Aim of the task >> The lines wanted are those from the one containing "红枫一年四季都是红色的吗？也有很高的药用价值" to the last line of the entries below; output them exactly, leaving out pictures.

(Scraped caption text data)
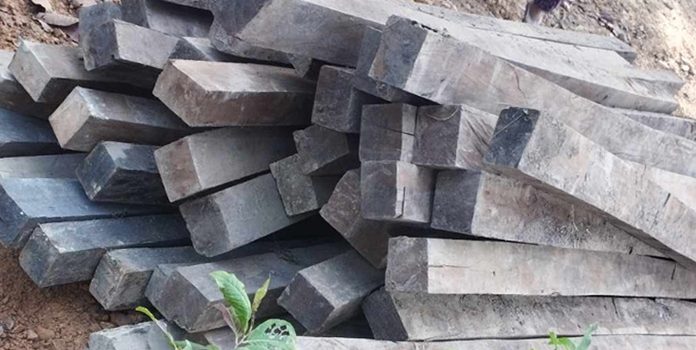 बन समितिकै मिलेमतोमा सिन्धुलीमा काठ तस्करी, प्रहरीको फन्दामा परेपछि खुल्यो तथ्य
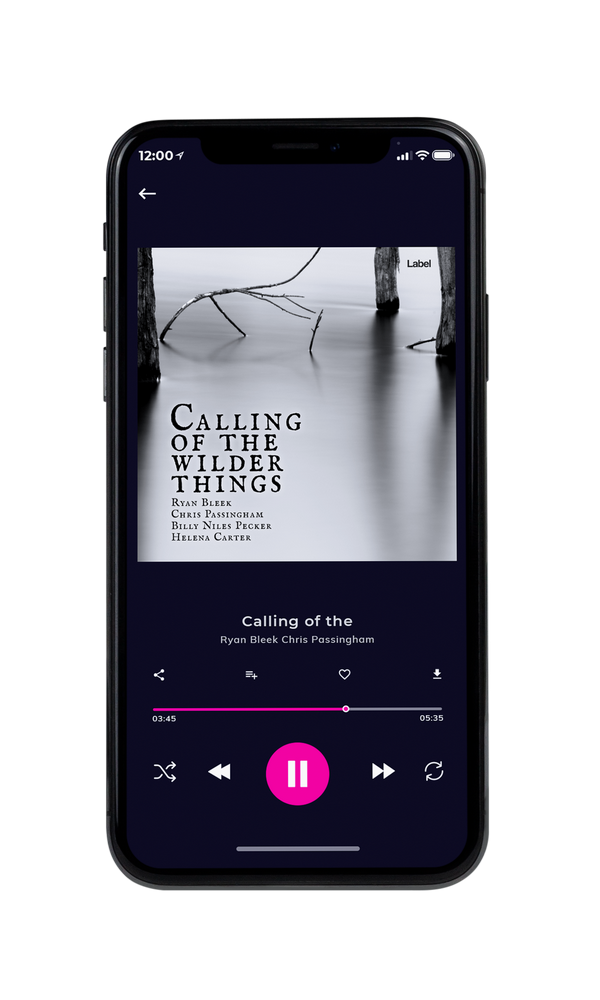 Tablet view of Premade Contemporary Music Album Cover - Silver #180 | AlbumArtZone*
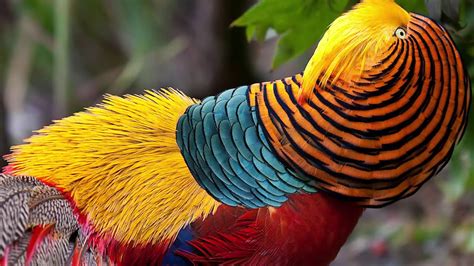 The Top 10 Most Stunningly Beautiful Birds In The World Slide Show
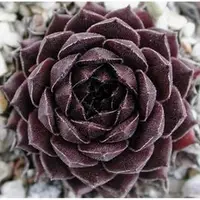 在飛比找PChome商店街優惠-ⓒSempervivum Gabrielle種子(10顆裝)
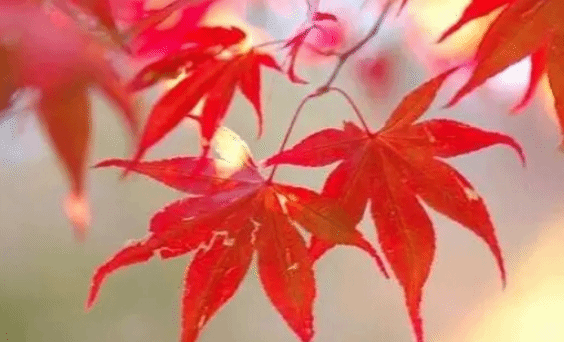 红枫一年四季都是红色的吗？也有很高的药用价值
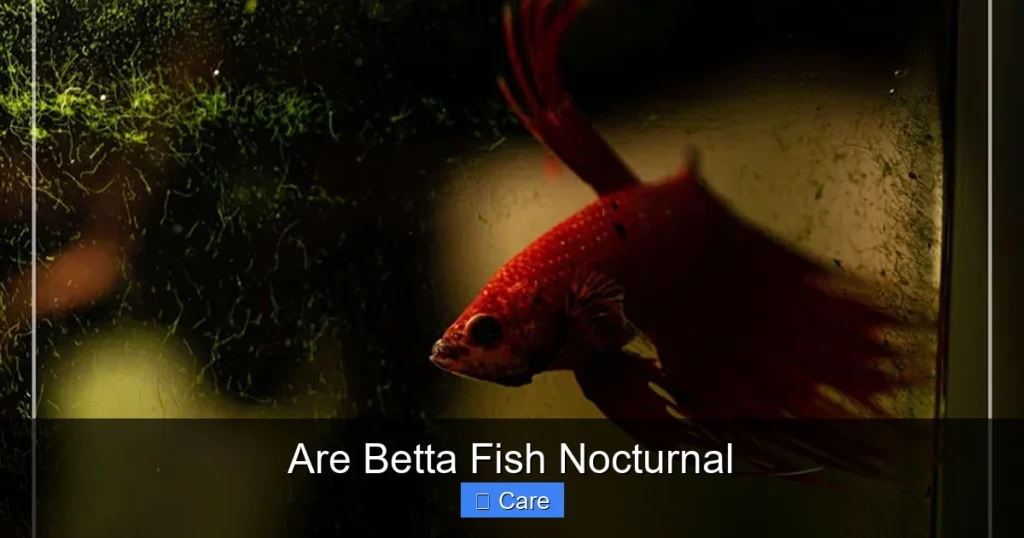 Are Betta Fish Nocturnal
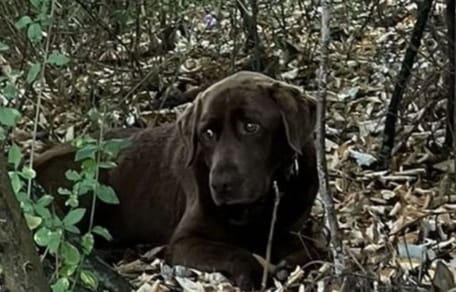 Labrador Shadow is na 1,5 maand weer terecht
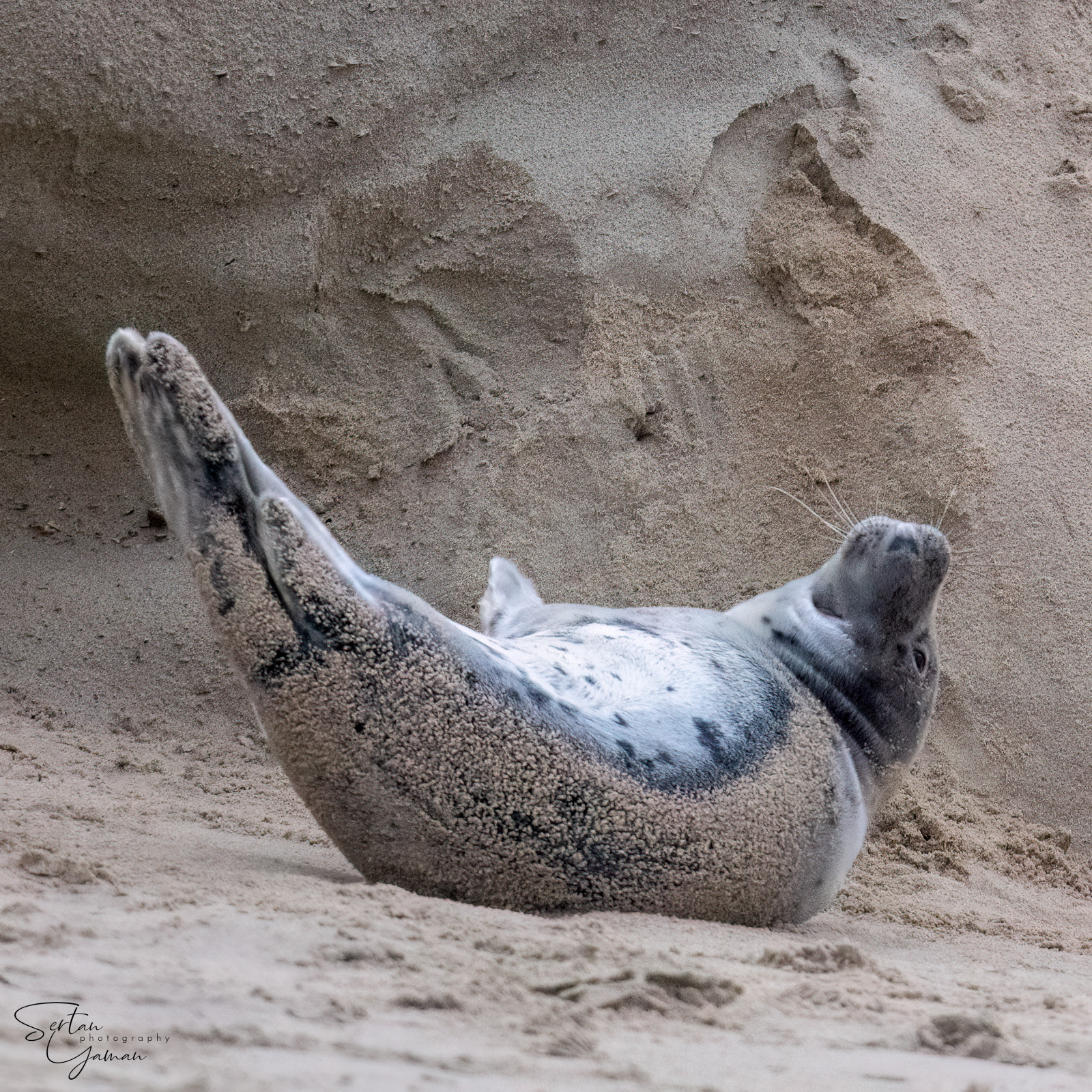 Grey baby seal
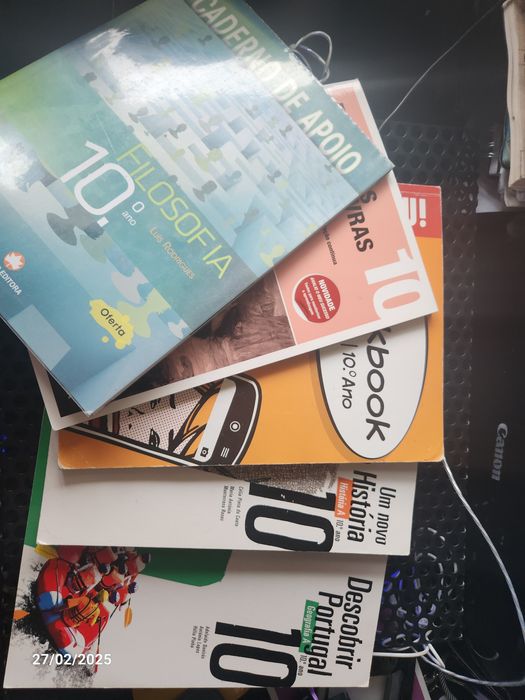 Cadernos atividades  10 ano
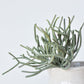8" Faux Soft Touch Green/Gray Pencil Cactus Pick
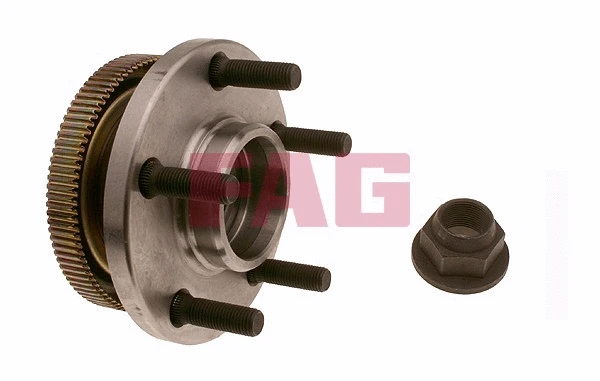 Wheel Bearing Kit (713 6600 10)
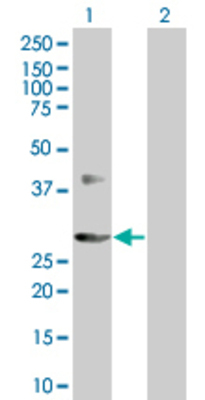 Lane 1: CCND3 transfected lysate (32.5 KDa) Lane 2: Non-transfected lysate.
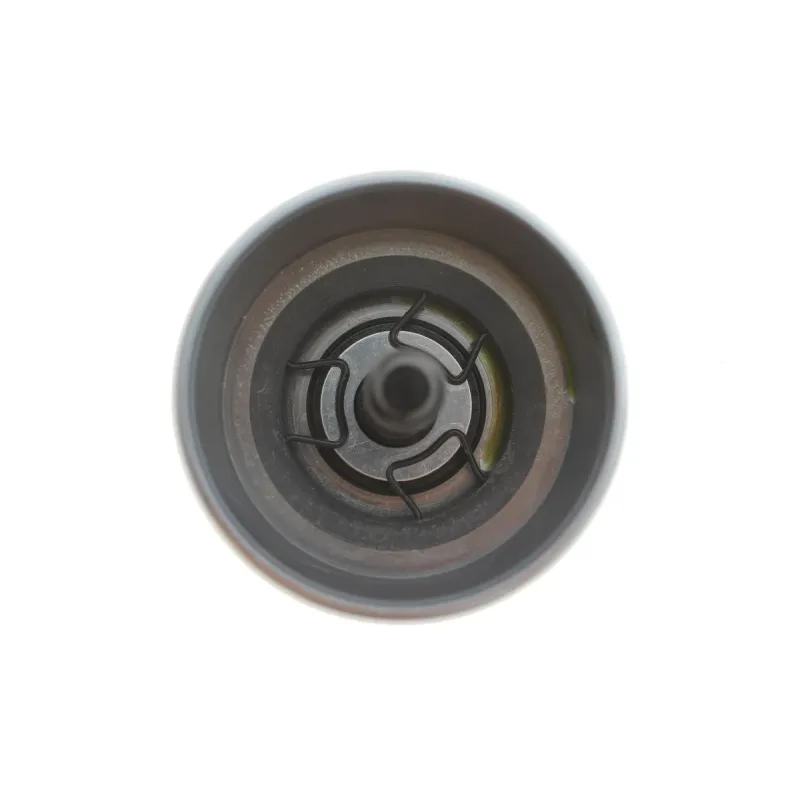 Поршень супорта (заднього) Opel Movano/Renault Master 10- (60x54mm) (Brembo) (з механізмом)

Response below >>
 红枫一年四季都是红色的吗？也有很高的药用价值
 Are Betta Fish Nocturnal
 Labrador Shadow is na 1,5 maand weer terecht
 Grey baby seal
 Cadernos atividades  10 ano
8" Faux Soft Touch Green/Gray Pencil Cactus Pick
 Wheel Bearing Kit (713 6600 10)
 Lane 1: CCND3 transfected lysate (32.5 KDa) Lane 2: Non-transfected lysate.
 Поршень супорта (заднього) Opel Movano/Renault Master 10- (60x54mm) (Brembo) (з механізмом)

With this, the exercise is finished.